And thus, no sooner does a man place himself under the first great Law of Christian perfection – the Law of poverty of spirit – than he finds himself drawn under the force of another Law, growing out of it, and intimately connected with it – the Law of Meekness,

The first Beatitude declares, as we have seen, the Law which should control man’s relationship to the creatures, that is, to all created things around him, and the circumstances in which he is placed. It may be a very long time indeed before he is governed by this Law. When he is, he will find that he is already far advanced in the spiritual life. But till he has begun to strive to see things and to act in the light which this Law reveals, his spiritual life cannot be said to have begun. Thus these material things outside of himself that are not, and never can be, a part of himself, become the occasion of a constant struggle in his own soul, So deeply do the things around us act upon character for good or evil, that the effort not only to use them aright but to think of them and value them aright, opens out possibilities and forces issues and produces results altogether incommensurate with the things themselves. The struggle with these things of earth, if properly conducted, becomes the means of revealing the first glimpses of the Kingdom of Heaven, the victory over them makes the soul its possessor. A change begins to pass over the whole character, the light of another world dawns upon the soul, revealing the things of this world in their true light, perspective and proportion.

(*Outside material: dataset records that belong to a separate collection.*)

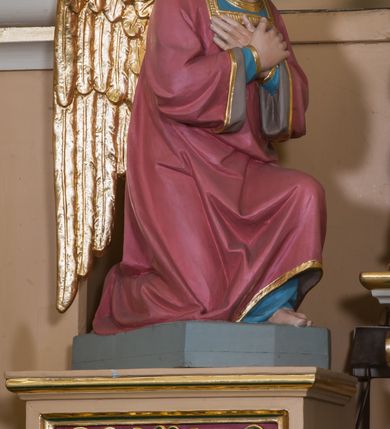 Zdjęcie nr 17: Jednokondygnacyjna nastawa ze zwieńczeniem uzyskała architektoniczną strukturę wzbogaconą o  flankujące ją bramkami. Współczesny marmurowy stipes ołtarzowy wspierający mensę uzyskał formę prostopadłościanu z licem artykułowanym dwiema półkolumienkami. Na mensie ustawiono tabernakulum w formie drewnianej skrzynki, obitej trybowaną blachą. Drzwiczki uzyskały kształt stojącego prostokąta zamkniętego łukiem półkolistym. W ich polu wyobrażono kielich z hostią w glorii, ujęty trybowanym winnym gronem i aplikowanymi kłosami zbóż. Z dwóch stron drzwiczek widnieje trybowana dekoracja w postaci winnego grona. Na tabernakulum usytuowano tron wystawienia, w postaci obrotowej niszy ujętej dwiema parami kolumienek podtrzymujących gzyms wyłamany pośrodku na kształt łuku odcinkowego oraz cokół z figurką baranka na księdze z siedmioma pieczęciami, podtrzymywany przez dwa spływy wolutowe. Tabernakulum ujęte zostało dwoma postumentami dekorowanymi z przodu rozetami. Ustawiono na nich figury klęczących aniołów. Nastawa ujęta została dwiema parami kolumn o kapitelach kompozytowych ustawionych na cokołach dekorowanych płycinami z ornamentem roślinnym, podtrzymujących pełne belkowanie z silnie wysuniętym gzymsem, oraz zewnętrzną parą cofniętych w tył kolumn. W polu głównym usytuowano obraz z przedstawieniem Zmartwychwstałego Chrystusa ze św. Janem Chrzcicielem i św. Janem Ewangelistą, ujęty profilowaną ramą w formie stojącego prostokąta zamkniętego łukiem odcinkowych nadwieszonym. Kondygnacja ujęta została po bokach uszami utworzonymi z karbowanej wstęgi i akantu. Zwieńczenie nastawy ustawiono na schodkowym, zwężającym się cokole, dekorowanym medalionem z monogramem Marii oraz anthemionami. Ujmują je dwie pary kolumienek o kapitelach kompozytowych podtrzymujących gzyms wyłamujący się po środku na kształt łuku półkolistego, dekorowany wicią roślinną. W polu zwieńczenia znalazł się obraz w formie stojącego owalu z przedstawieniem Dzieciątka Jezus prezentującego krzyż, ujęty profilowaną ramą dekorowaną ornamentem roślinnym. Zwieńczenie flankują stojące na gzymsie figury św. Józefa z Dzieciątkiem i Symeona z Dzieciątkiem. Nastawę flankują znajdujące się przy ścianie para kolumn i para półkolumn ustawionych na dwustrefowych cokołach, dźwigających pełne belkowanie, na którym siedzą dwa putta. Pomiędzy cokołem nastawy i zewnętrznych podpór ulokowano wygięte listwy tworzące bramki, na których stoją figury św. Piotra i św. Pawła. Struktura retabulum jest polichromowana w kolorze beżowym, z białymi i czerwonymi profilami i płycinami. Kolumny, ornamentyka i profile zostały pozłocone.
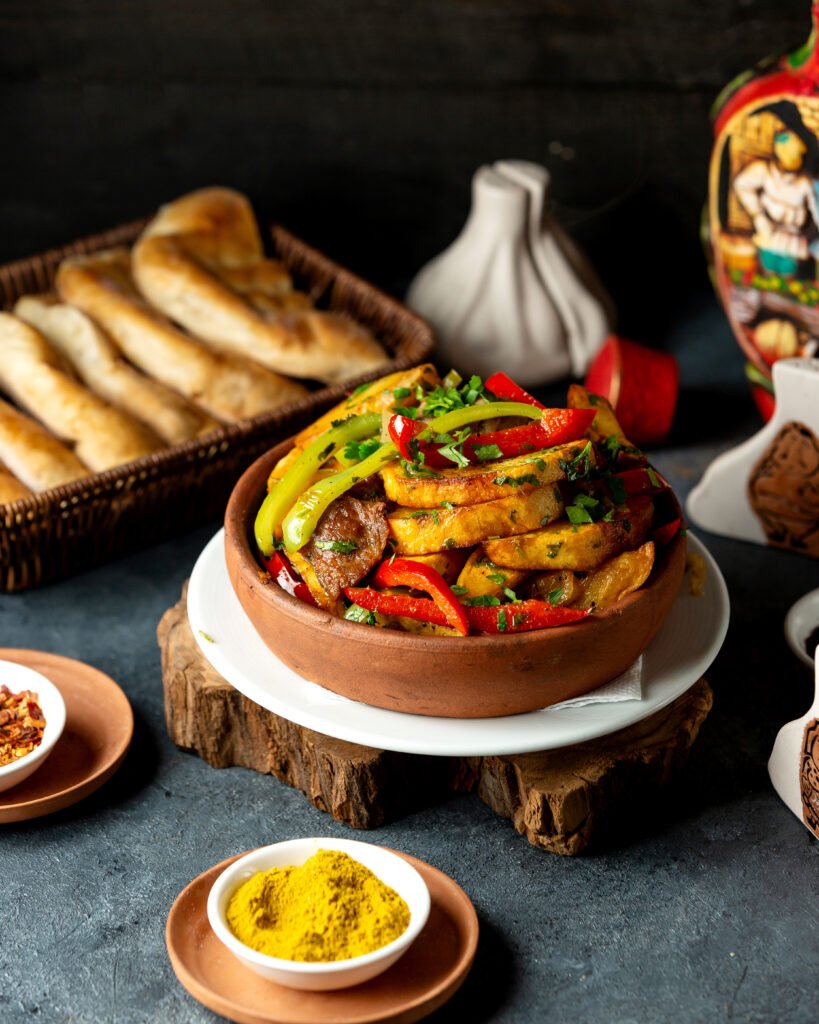 side-view-baked-potatoes-with-lamb-meat-vegetables-clay-bowl-black-table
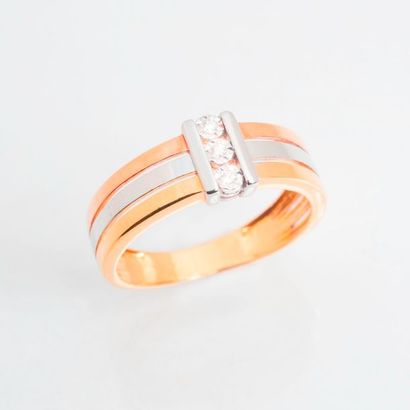 null 9 carat (375 thousandths) yellow, pink and white gold band ring set with three...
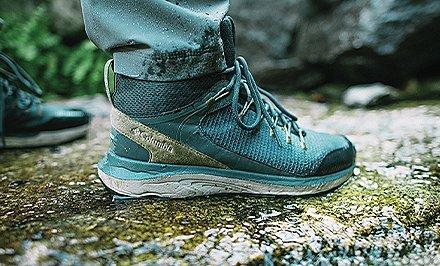 A hiker wearing a shoe with Navic Fit. 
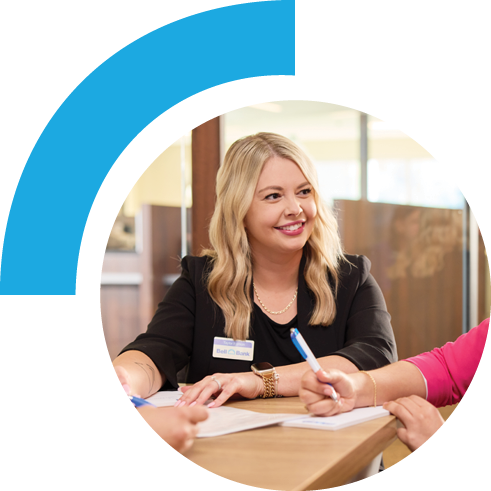 Bell employee sitting in a business team setting. All members have pens and paper and the employee pictured is seen smiling.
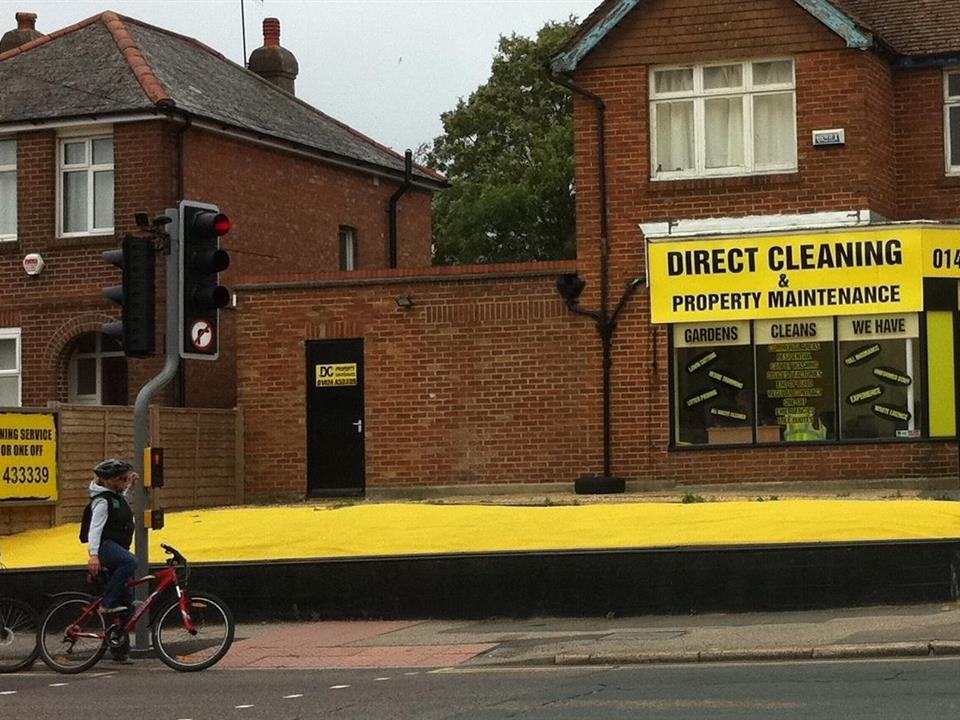 bright yellow artificial grass for outside shop front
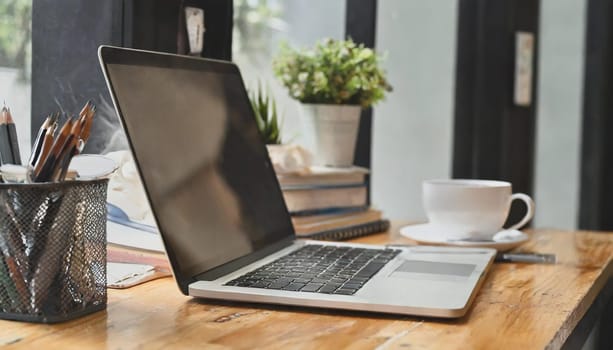 Modern workplace with laptop computer, coffee cup and office supplies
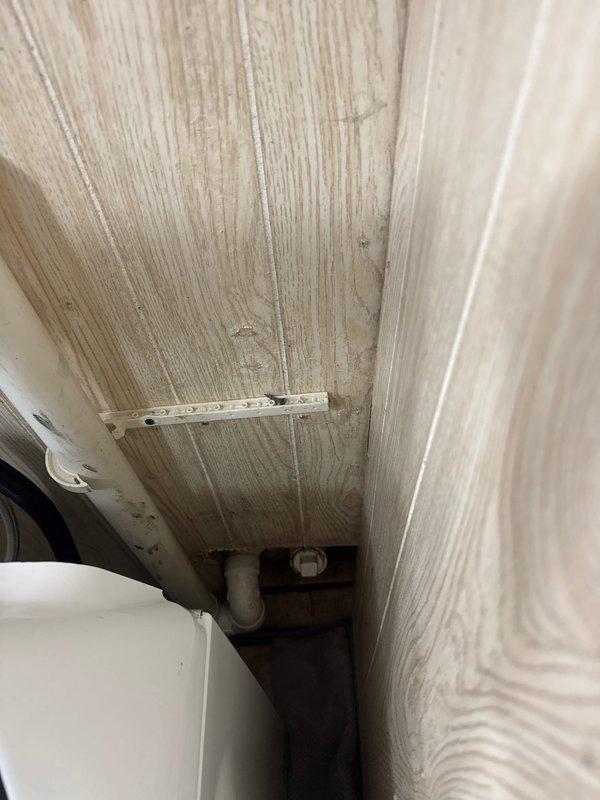 Responded to drainage backup affecting kitchen sink and washing machine caused by broken 2-inch cast iron drain line. Performed video camera inspection of the line to assess extent of damage and document deteriorated pipe condition. Photographed affected plumbing areas in basement showing compromised drainage system and documented findings for estimate preparation, as line requires replacement due to risk of further deterioration.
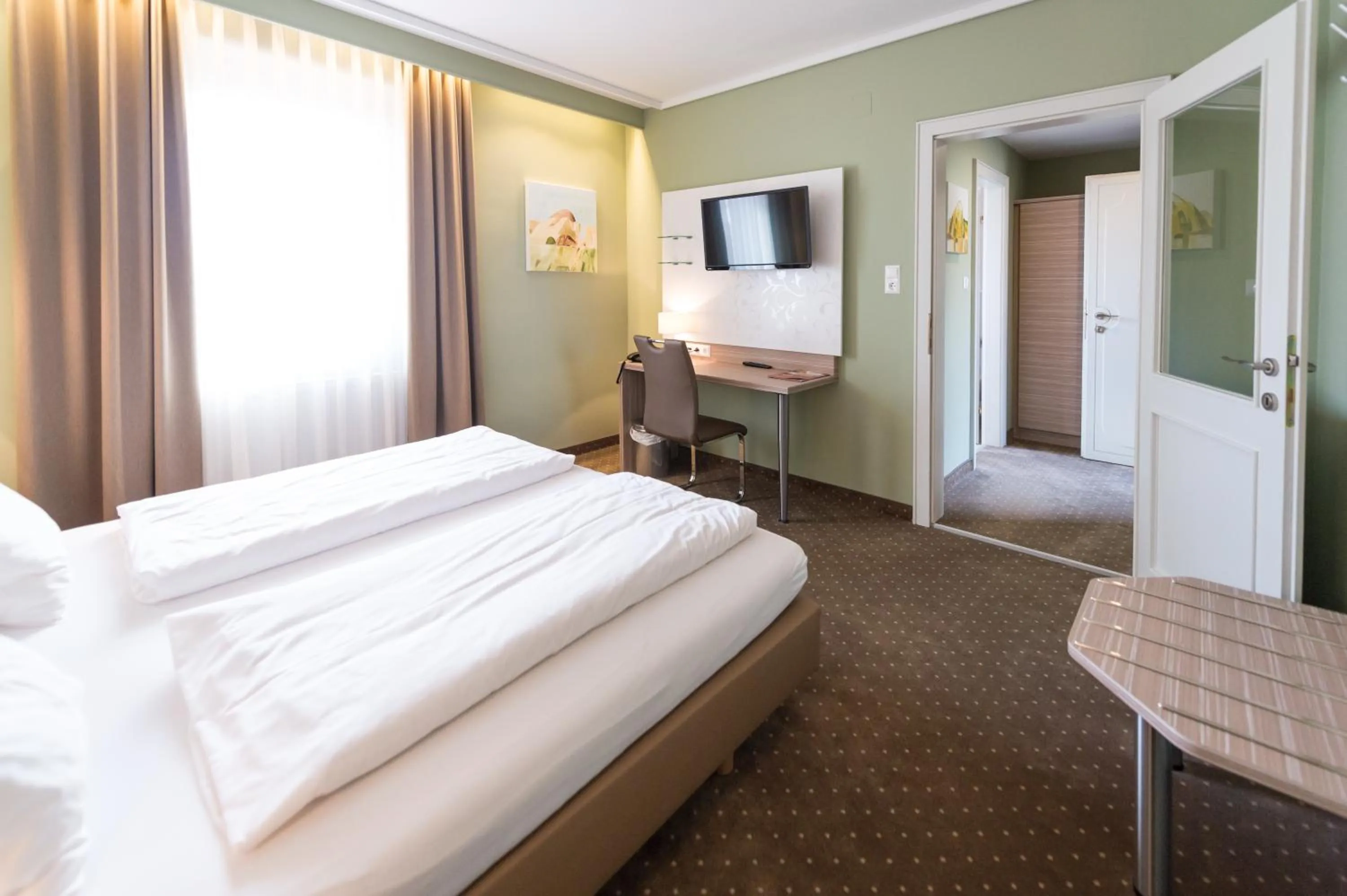 Bedroom, Bed in Hotel Raffel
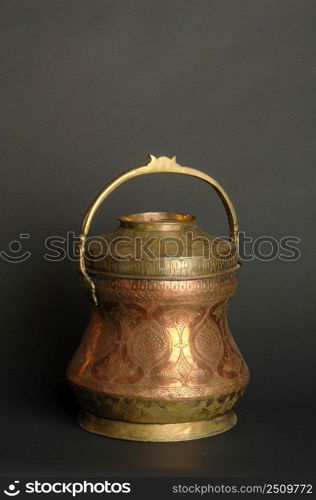 ancient metal bowl on dark background. antique bronze tableware. ancient metal utensils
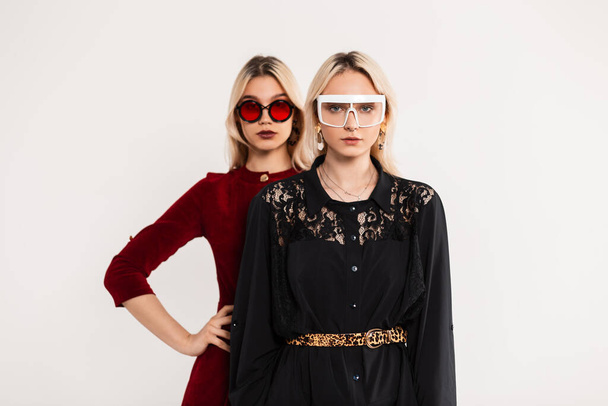 Μοντέρνο πορτρέτο δύο ξανθιές φίλες σε μοντέρνα χρωματιστά γυαλιά νεολαίας σε κόκκινο και μαύρο φορέματα κοντά σε γκρι vintage τοίχο. Σέξι δίδυμες αδερφές με ξανθά μαλλιά ποζάρουν στο δωμάτιο. Κομψά ρούχα για γυναίκες - Φωτογραφία, εικόνα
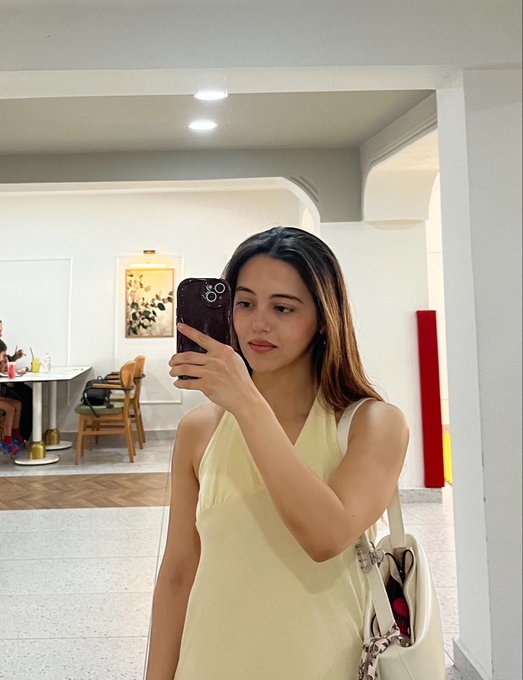 A young woman with long highlighted hair, wearing a pale yellow sleeveless dress, takes a mirror selfie with a smartphone in what appears to be a brightly lit cafe or salon.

But as the conflict deepens and the Law of poverty of spirit effects its results, the outlines of another Law begin to be dimly discerned, and the soul finds itself passing more and more under its control. For meekness and poverty of spirit are in fact twin sisters, they are born together, hand in hand they ripen to maturity, and if poverty dies meekness cannot survive it. Together they live and together they die. The first throb of the life of meekness is felt with the birth pangs of poverty, and if the clouds of earth gather over the soul that once strove for poverty of spirit, and dim the light of the Kingdom of Heaven, meekness dies in the earthly atmosphere. And those things which poverty strengthened the soul to give up, meekness not only fits it to receive again, but gives back to it, to hold and to use in another and better way, and thus Our Lord’s promise is fulfilled – “There is no man that hath left house or brethren, or sisters, or father, or mother, or wife, or children, or lands, for My sake, and the Gospel’s, but he shall receive an hundred-fold now in this time”. For “Blessed are the meek, for they shall inherit the land”; and long ago the Psalmist sang the same – “The meek spirited shall possess the earth, and shall be refreshed with abundance of peace”.

For in fact it is the struggle to attain poverty of spirit that develops the spirit of meekness.

As we have already seen, the first Beatitude forbids the use of nothing, condemns nothing as in itself evil, It points out that the morality lies not in these created things, but in man alone, and that the evil which men seem to get from the things around them springs from their abuse; from allowing them to gain the mastery over them.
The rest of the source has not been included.